◆ **Exercise details**
Copy, word for word, the opening line of the data and each line after it until the line that contains "Lucide KLIGANDE - Suspension", which is included. Leave the pictures out.

◆ **Captioned web images**

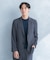 LIFE STYLE TAILOR　リネンライク千鳥柄コンフォータブルジャケット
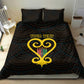 Personalized African-American Black Love Day Bedding Set Sankofa Heart - Nya Akoma
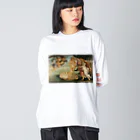 歴史グッツショップのボッティチェリ「ヴィーナスの誕生」 Big Long Sleeve T-Shirt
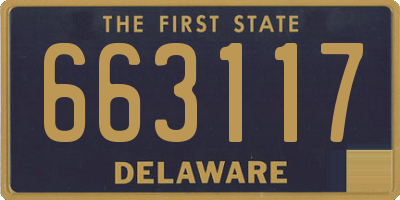 DE license plate 663117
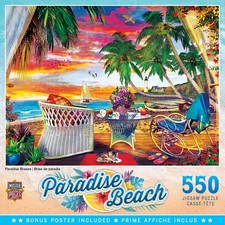MasterPieces - Paradise Beach - Paradise Breeze 550 Piece Jigsaw Puzzle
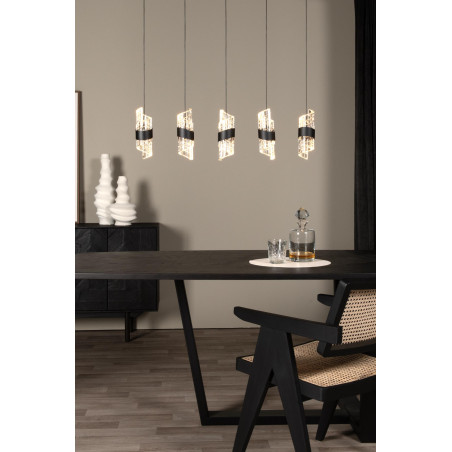 Lucide KLIGANDE - Suspension - LED Dim. - 5x7,8W 2700K - Noir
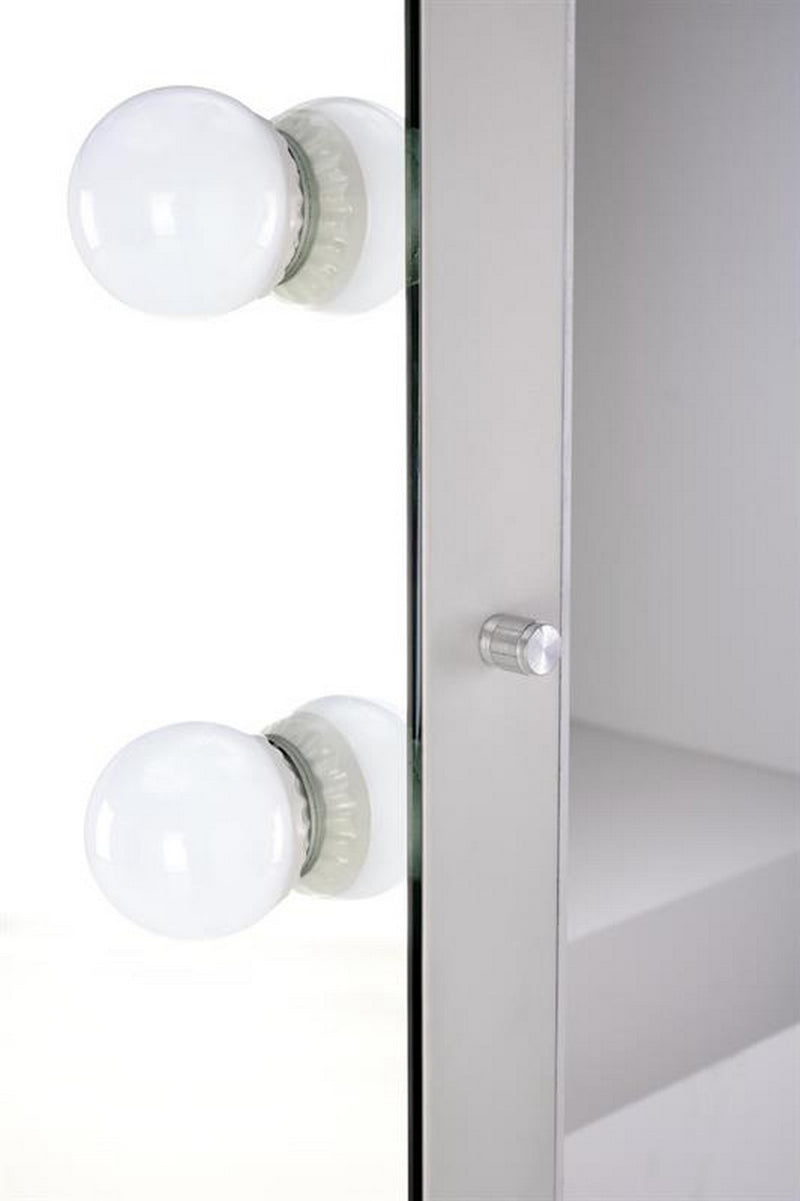 Oglinda PEARL, argintiu, cu iluminare LED, 87x170 cm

◆ **Answer area**
 LIFE STYLE TAILOR　リネンライク千鳥柄コンフォータブルジャケット
 Personalized African-American Black Love Day Bedding Set Sankofa Heart - Nya Akoma
 歴史グッツショップのボッティチェリ「ヴィーナスの誕生」 Big Long Sleeve T-Shirt
 DE license plate 663117
MasterPieces - Paradise Beach - Paradise Breeze 550 Piece Jigsaw Puzzle
 Lucide KLIGANDE - Suspension - LED Dim. - 5x7,8W 2700K - Noir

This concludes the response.